* This is like the **Hello World** algorithm of the machine learning universe.  
* It may be one of the easiest of the lot to understand and use but it is by no means any less powerful.  
* Published in 1958 by Frank Rosenblatt, the **perceptron algorithm** gained much attention because of its guarantee to **find a separator in a separable data set.**  
* A perceptron is a function (or a simplified neuron to be precise) which takes a vector of real numbers as input and generates a real number as output.  
* Mathematically, a perceptron can be represented as:  
$$ y=f(w_{1}x_{1} + w_{2}x_{2}+ \cdots + w_{n}x_{n}+b)=f(w^{T}x+b)$$  
Where, $w_{1}, \cdots, w_{n}$ are weights, $b$ is a constant termed as bias, $x_{1},\cdots, x_{n}$ are inputs, and $y$ is the output of the function f, which is called the **activation function**.  

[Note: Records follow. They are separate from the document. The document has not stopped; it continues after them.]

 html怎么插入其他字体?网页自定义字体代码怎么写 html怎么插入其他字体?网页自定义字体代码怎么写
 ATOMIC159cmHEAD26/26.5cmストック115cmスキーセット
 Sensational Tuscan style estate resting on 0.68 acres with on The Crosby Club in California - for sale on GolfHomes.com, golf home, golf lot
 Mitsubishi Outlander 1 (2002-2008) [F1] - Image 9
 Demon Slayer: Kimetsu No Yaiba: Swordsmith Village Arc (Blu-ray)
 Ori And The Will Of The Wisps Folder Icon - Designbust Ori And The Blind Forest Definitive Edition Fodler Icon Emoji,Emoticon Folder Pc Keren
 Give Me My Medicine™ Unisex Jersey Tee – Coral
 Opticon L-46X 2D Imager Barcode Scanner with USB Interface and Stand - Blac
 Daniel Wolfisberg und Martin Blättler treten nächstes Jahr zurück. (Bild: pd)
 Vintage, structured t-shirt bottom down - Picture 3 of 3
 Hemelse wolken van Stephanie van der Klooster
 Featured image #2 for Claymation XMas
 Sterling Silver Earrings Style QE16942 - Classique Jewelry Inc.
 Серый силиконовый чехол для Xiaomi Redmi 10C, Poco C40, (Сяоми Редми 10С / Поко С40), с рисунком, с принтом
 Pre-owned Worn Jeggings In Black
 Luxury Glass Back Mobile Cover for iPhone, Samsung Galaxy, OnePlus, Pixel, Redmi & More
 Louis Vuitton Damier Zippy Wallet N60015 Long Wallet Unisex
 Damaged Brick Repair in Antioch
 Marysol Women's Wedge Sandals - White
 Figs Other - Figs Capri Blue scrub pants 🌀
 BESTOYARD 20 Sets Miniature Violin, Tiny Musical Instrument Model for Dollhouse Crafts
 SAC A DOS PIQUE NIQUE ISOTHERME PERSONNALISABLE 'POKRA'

The algorithm is as follows:  
    1. Initialize weight vector $w$ and bias $b$ to **small random numbers**.  
    2. Calculate the output vector $y$ based on the function $f$ and vector $x$.  
    3. Update the weight vector $w$ and bias $b$ to counter the error.  
    4. Repeat steps 2 and 3 until there is no error or the error drops below a certain threshold.  
    
The algorithm tries to find a **separator** which divides the input into two classes by using a **labeled data set** called **the training data set** (the training data set corresponds to the experience E as stated in the definition for machine learning in the previous section). The algorithm starts by assigning **random weights** to the weight vector $w$ and the bias $b$. It then processes the input based on the function $f$ and gives a vector $y$. This generated output is then compared with the correct output value from the training data set and the updates are made to $w$ and $b$ respectively. To understand the weight update process, let us consider a point, say $p1$, with a correct output value of +1. Now, suppose if the perceptron misclassifies $p1$ as -1, it updates the weight $w$ and bias $b$ to move the perceptron by a small amount (movement is restricted by learning rate to prevent sudden jumps) in the direction of $p1$ in order to correctly classify it. The algorithm stops when it finds the correct separator or when the error in classifying the inputs drops below a certain user defined threshold.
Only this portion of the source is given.